Items from a dataset
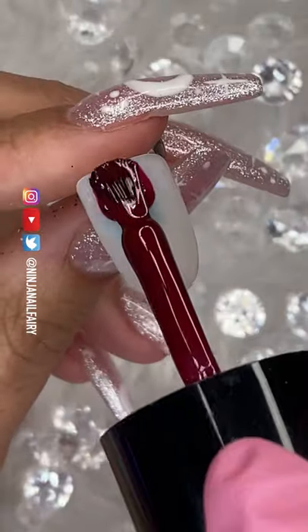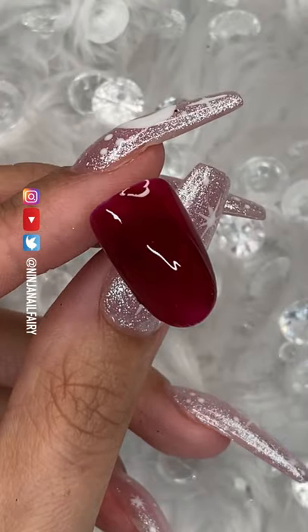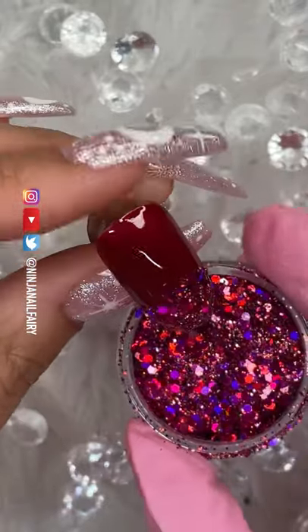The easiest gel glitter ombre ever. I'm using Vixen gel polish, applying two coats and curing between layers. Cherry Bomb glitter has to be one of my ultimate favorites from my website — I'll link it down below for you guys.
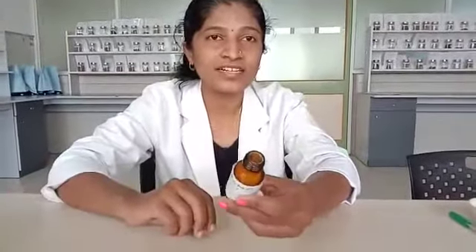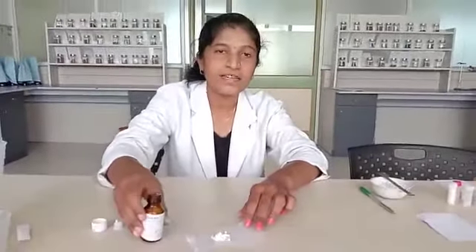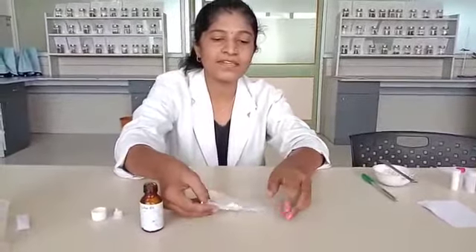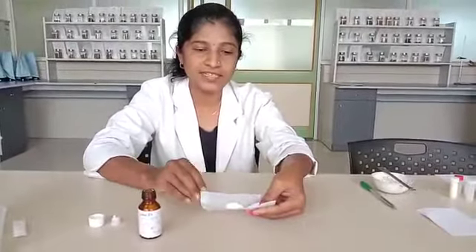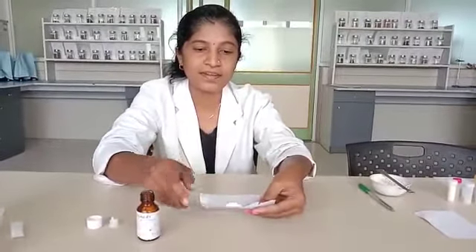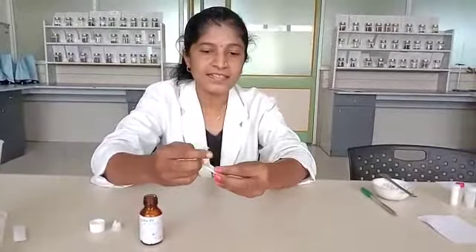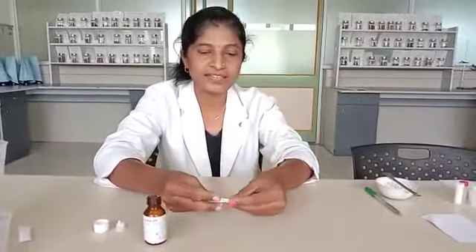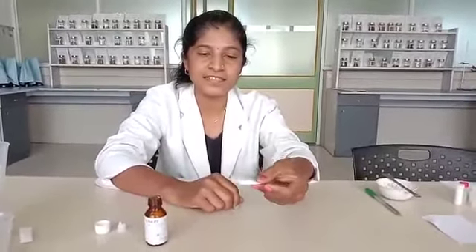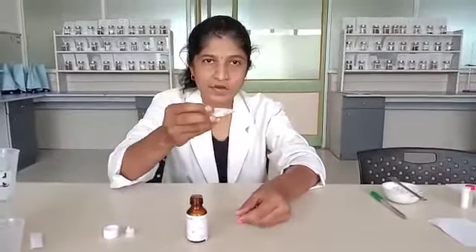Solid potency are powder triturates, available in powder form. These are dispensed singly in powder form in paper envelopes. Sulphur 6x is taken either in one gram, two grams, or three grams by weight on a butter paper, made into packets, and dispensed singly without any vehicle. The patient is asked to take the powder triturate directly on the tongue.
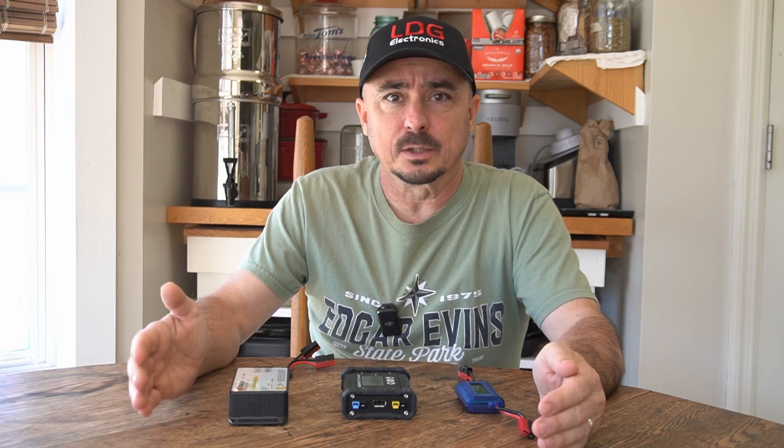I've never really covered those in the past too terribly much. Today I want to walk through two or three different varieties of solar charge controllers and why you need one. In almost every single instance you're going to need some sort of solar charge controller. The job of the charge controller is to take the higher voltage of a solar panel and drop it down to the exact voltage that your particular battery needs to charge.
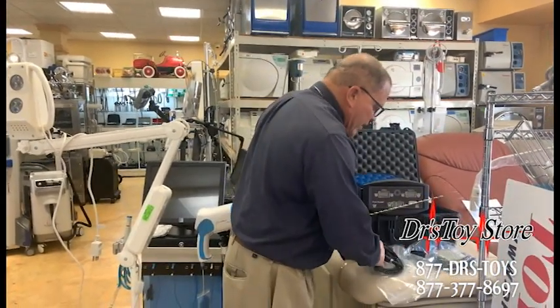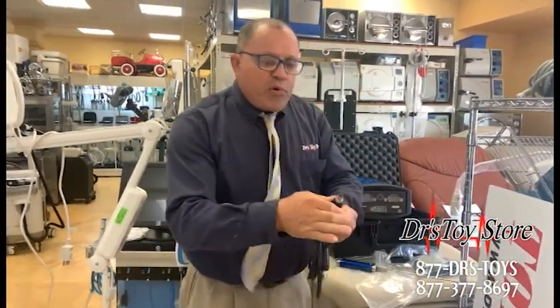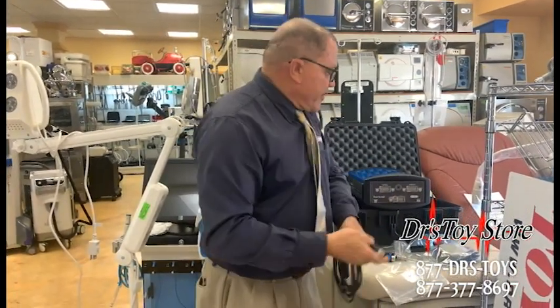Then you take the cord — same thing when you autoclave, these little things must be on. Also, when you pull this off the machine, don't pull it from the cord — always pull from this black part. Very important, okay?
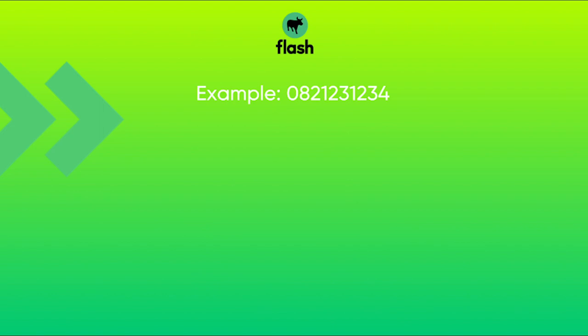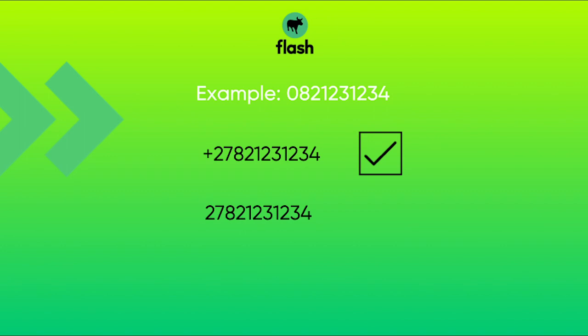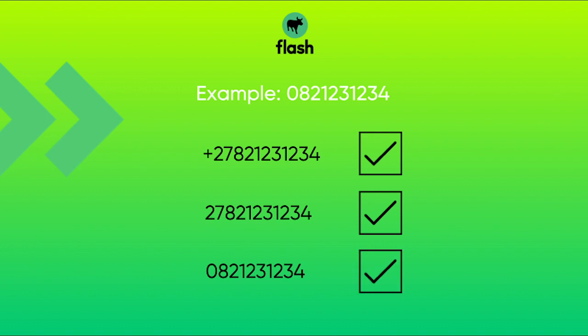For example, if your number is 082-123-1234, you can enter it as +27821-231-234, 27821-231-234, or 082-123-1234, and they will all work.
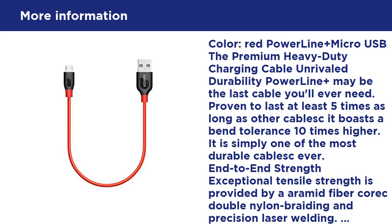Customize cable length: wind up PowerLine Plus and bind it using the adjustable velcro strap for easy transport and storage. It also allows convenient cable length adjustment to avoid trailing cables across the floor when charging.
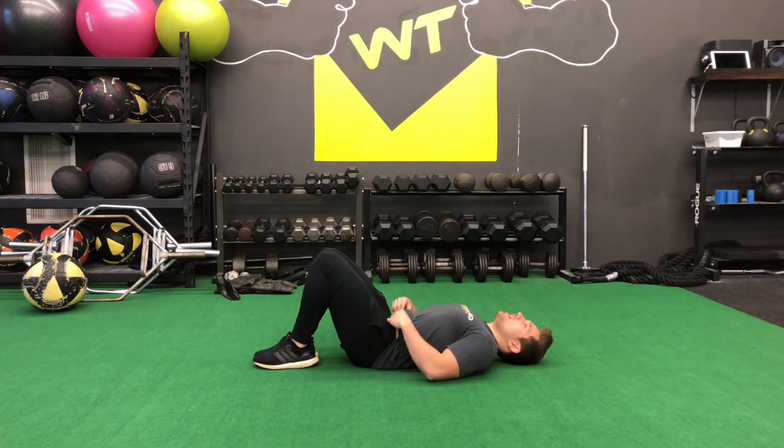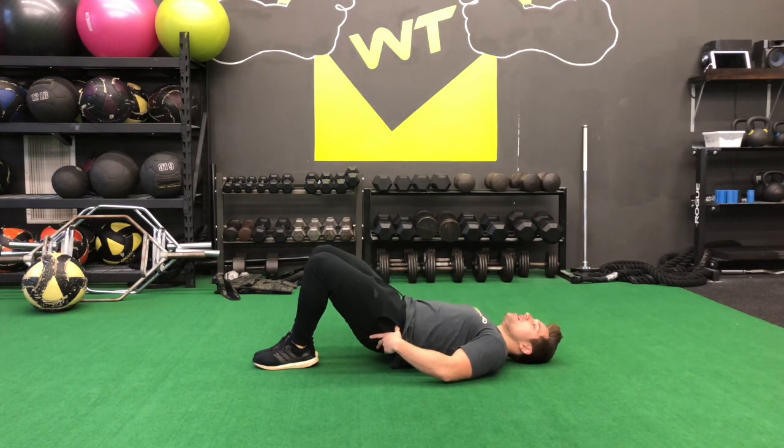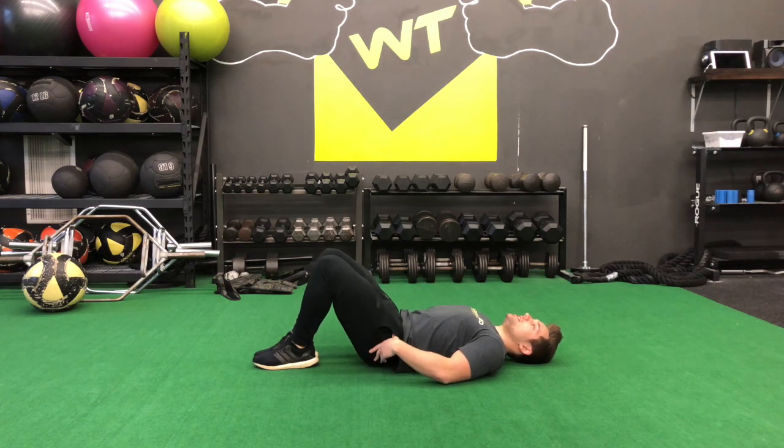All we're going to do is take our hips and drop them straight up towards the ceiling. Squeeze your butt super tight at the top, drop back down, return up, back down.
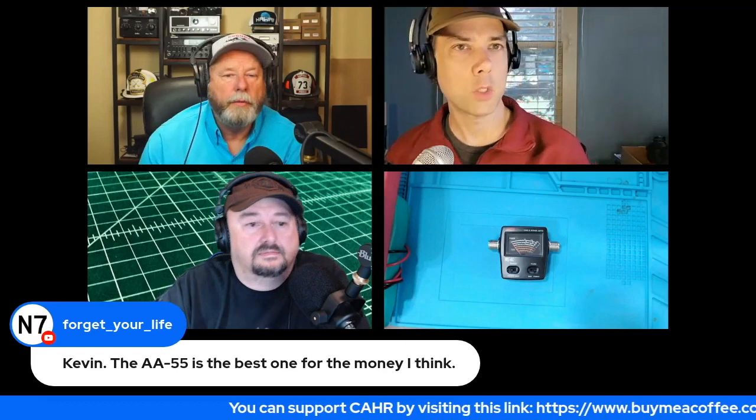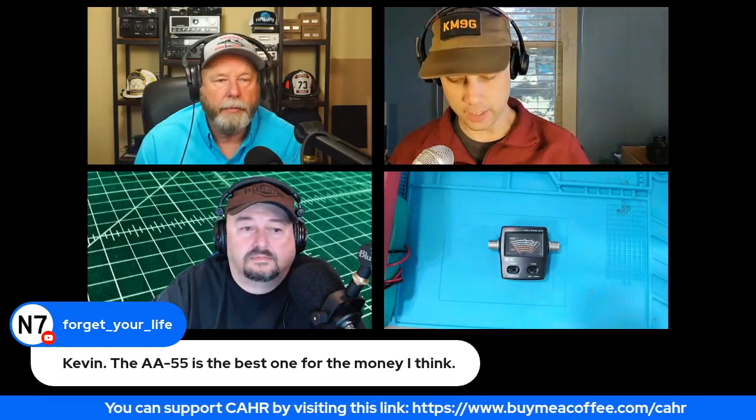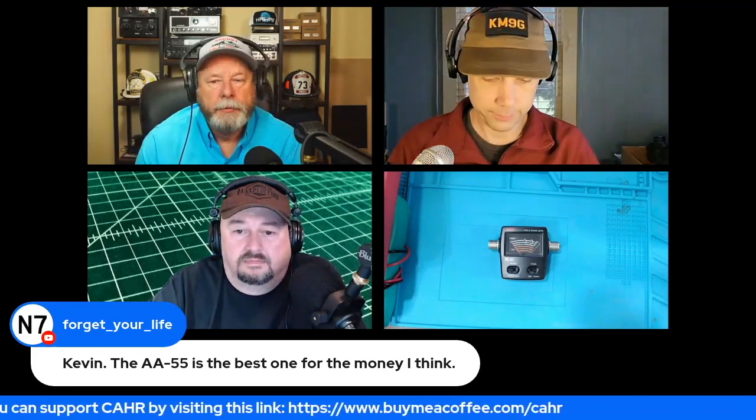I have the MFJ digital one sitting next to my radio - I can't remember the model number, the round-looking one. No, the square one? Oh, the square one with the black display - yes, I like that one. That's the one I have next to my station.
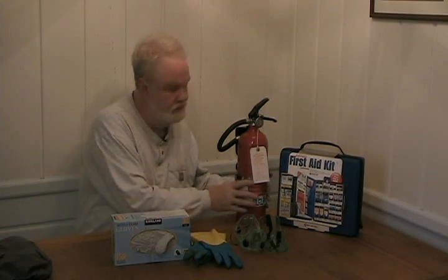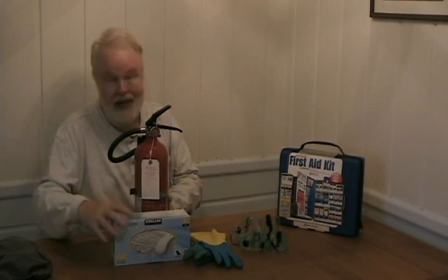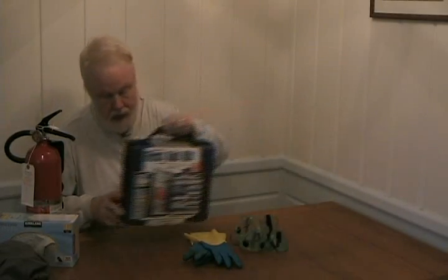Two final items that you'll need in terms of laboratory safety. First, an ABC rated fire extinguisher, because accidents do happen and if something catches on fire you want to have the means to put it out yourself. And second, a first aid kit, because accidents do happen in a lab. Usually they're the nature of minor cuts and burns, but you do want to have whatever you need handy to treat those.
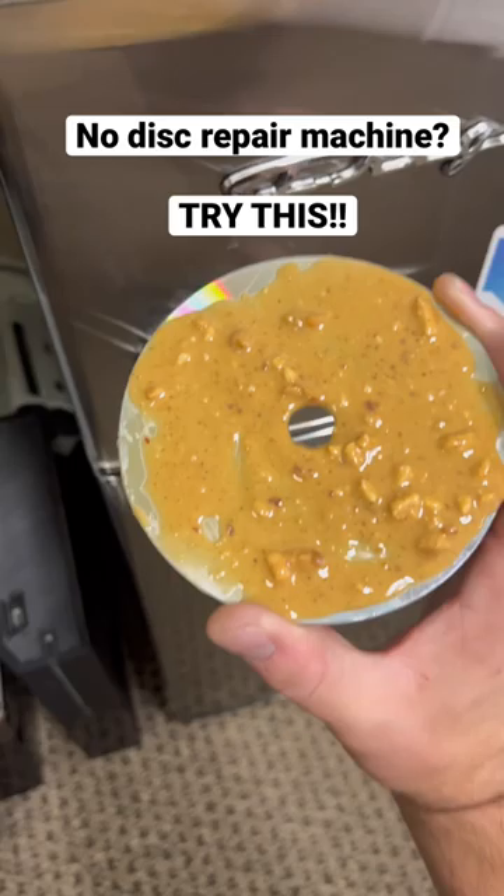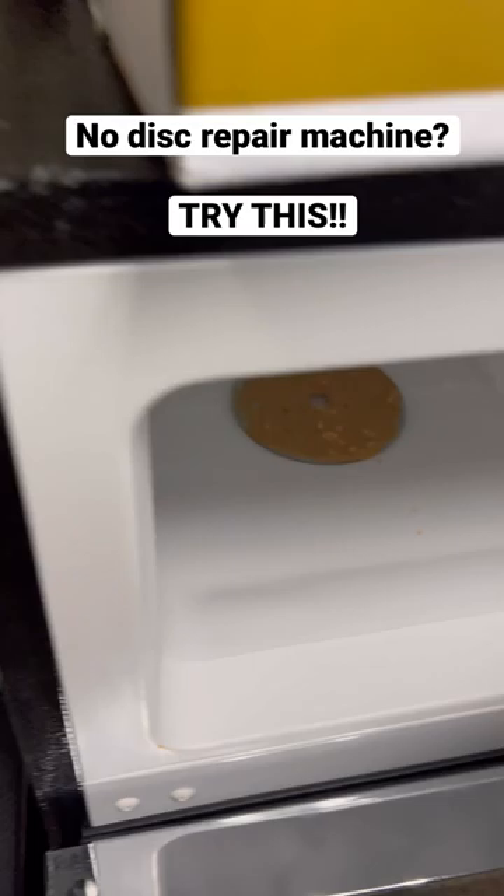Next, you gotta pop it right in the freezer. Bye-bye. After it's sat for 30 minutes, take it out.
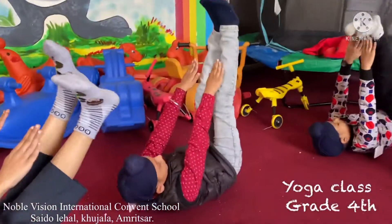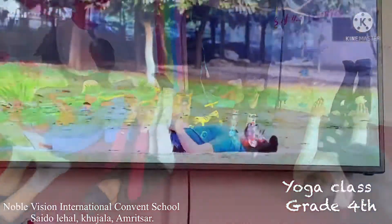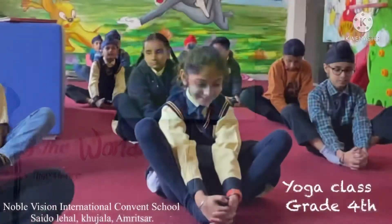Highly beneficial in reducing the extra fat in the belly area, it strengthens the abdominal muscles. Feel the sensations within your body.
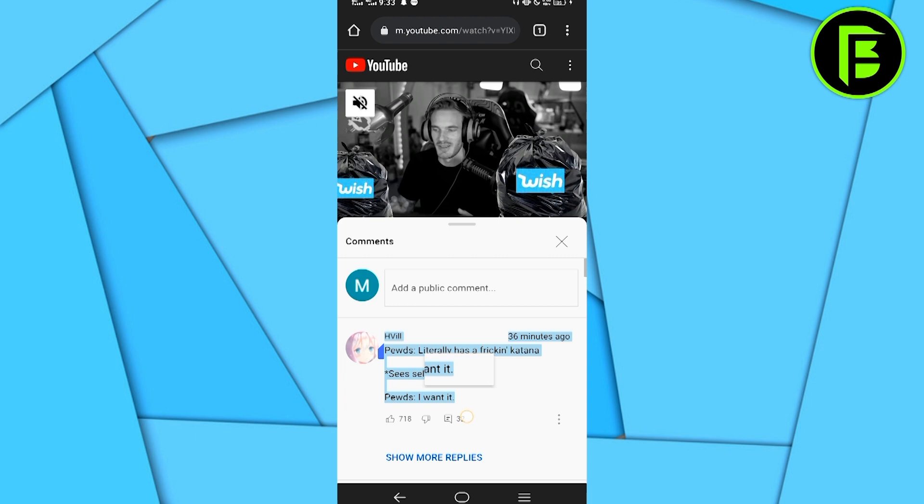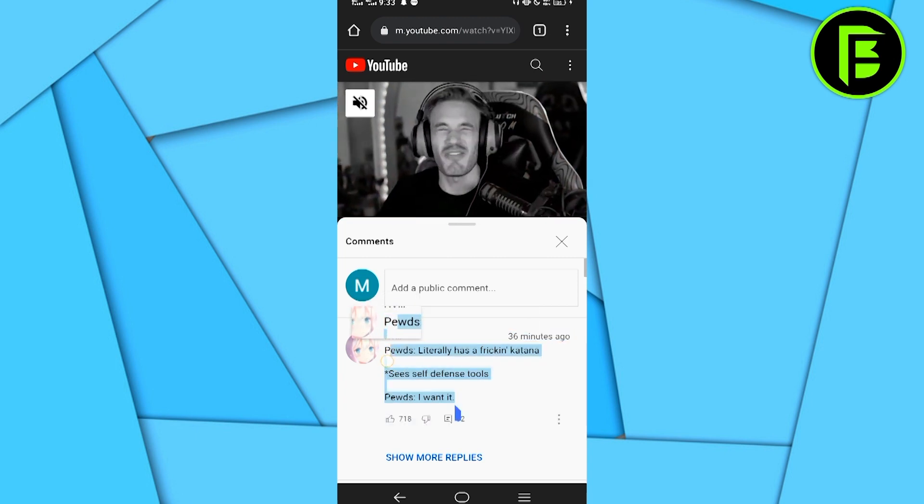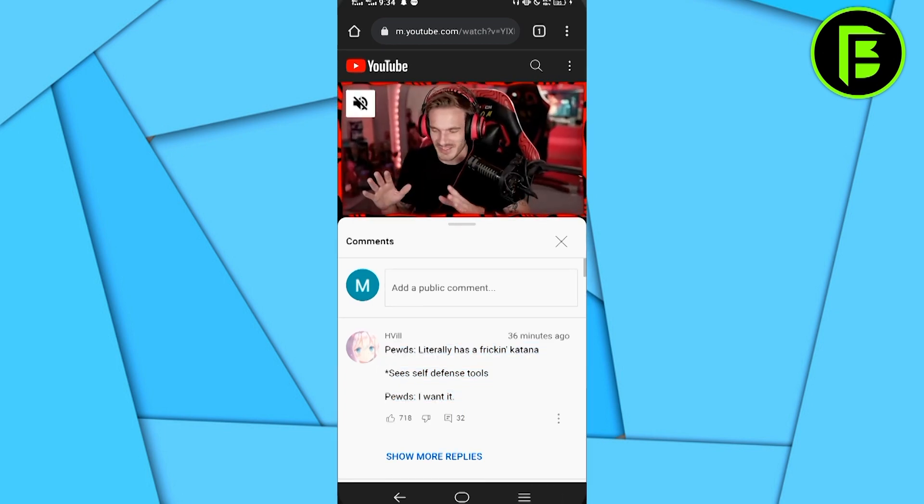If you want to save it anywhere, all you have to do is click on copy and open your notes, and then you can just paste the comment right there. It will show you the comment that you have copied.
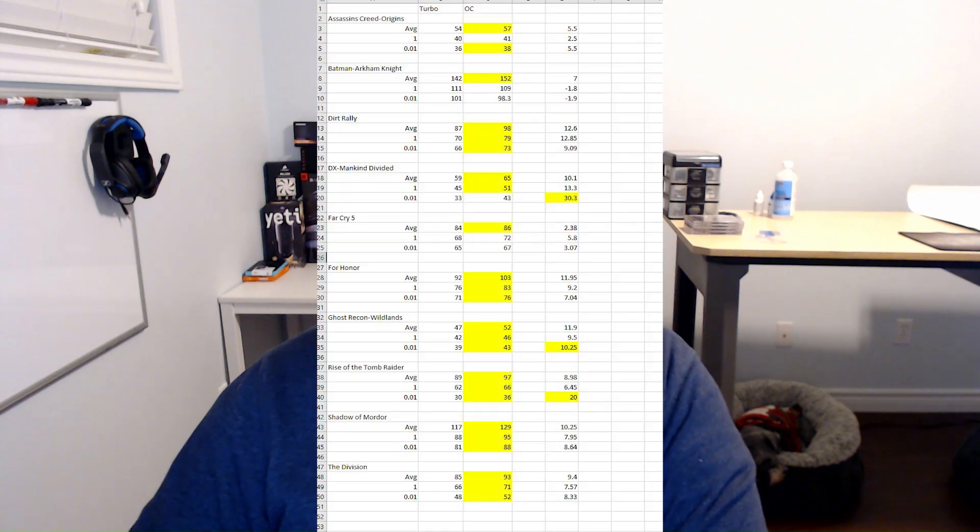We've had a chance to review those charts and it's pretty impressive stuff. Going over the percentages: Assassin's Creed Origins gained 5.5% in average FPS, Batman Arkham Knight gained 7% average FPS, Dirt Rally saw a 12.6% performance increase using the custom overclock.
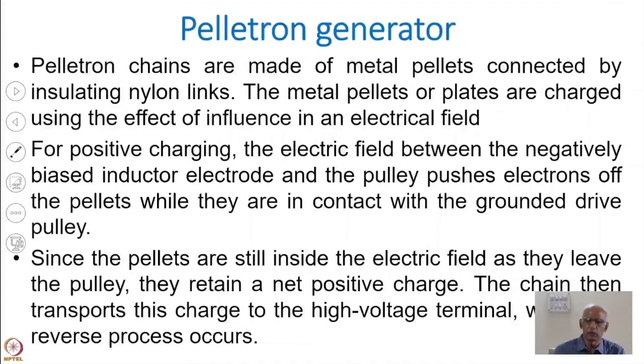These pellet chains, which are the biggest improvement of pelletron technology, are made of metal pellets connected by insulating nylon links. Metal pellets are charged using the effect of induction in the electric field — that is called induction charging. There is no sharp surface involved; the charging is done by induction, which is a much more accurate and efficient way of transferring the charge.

:: Activity ::
Word for word, restate the lines above from the one with "Then you take" through the one with "For example, if", keeping both ends and dropping the pictures.

:: Written reply ::
Then you take the cord — same thing when you autoclave, these little things must be on. Also, when you pull this off the machine, don't pull it from the cord — always pull from this black part. Very important, okay?
For example, if your number is 082-123-1234, you can enter it as +27821-231-234, 27821-231-234, or 082-123-1234, and they will all work.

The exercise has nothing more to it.